[WORK TASK] Below are the records to transcribe exactly; do not include any images.

=======

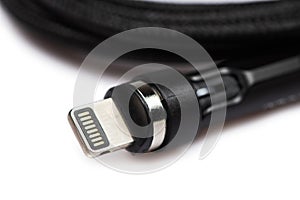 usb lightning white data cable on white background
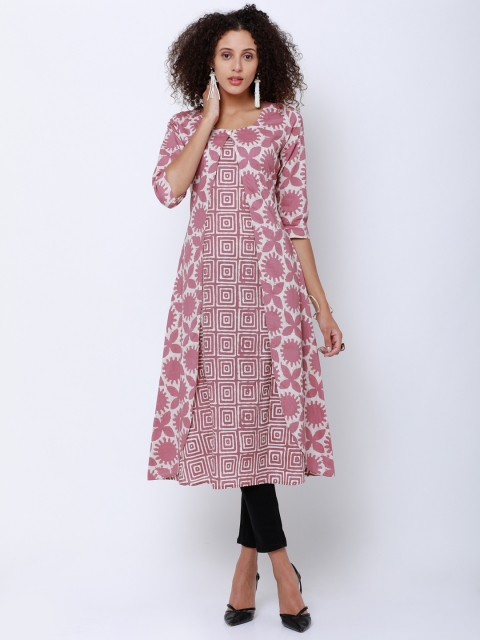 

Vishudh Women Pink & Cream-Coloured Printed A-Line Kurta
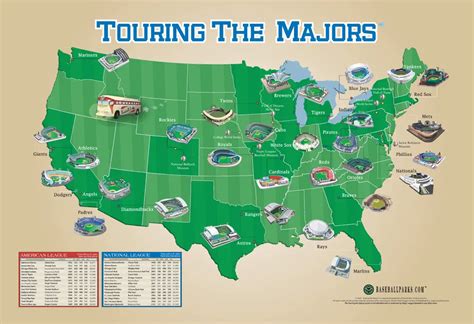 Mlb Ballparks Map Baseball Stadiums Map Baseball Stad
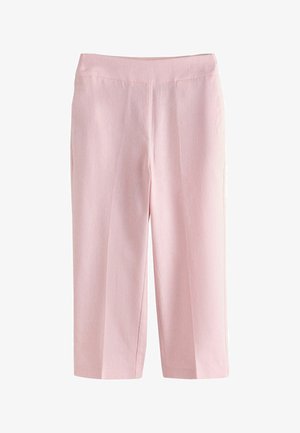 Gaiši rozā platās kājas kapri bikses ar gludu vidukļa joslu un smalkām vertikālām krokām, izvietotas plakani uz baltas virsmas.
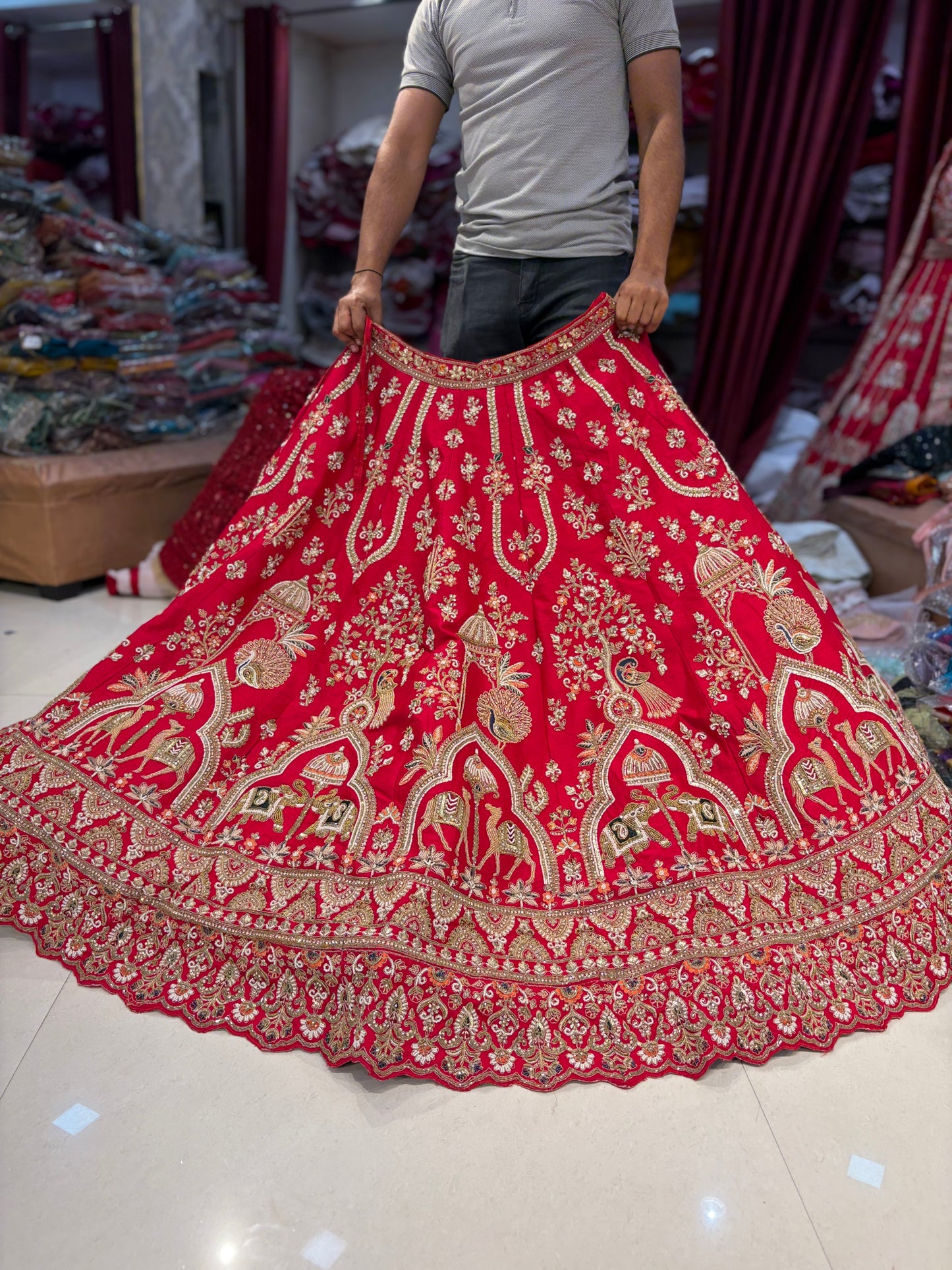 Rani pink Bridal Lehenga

=======

[FINISHED TASK]
 usb lightning white data cable on white background

Vishudh Women Pink & Cream-Coloured Printed A-Line Kurta
 Mlb Ballparks Map Baseball Stadiums Map Baseball Stad
 Gaiši rozā platās kājas kapri bikses ar gludu vidukļa joslu un smalkām vertikālām krokām, izvietotas plakani uz baltas virsmas.
 Rani pink Bridal Lehenga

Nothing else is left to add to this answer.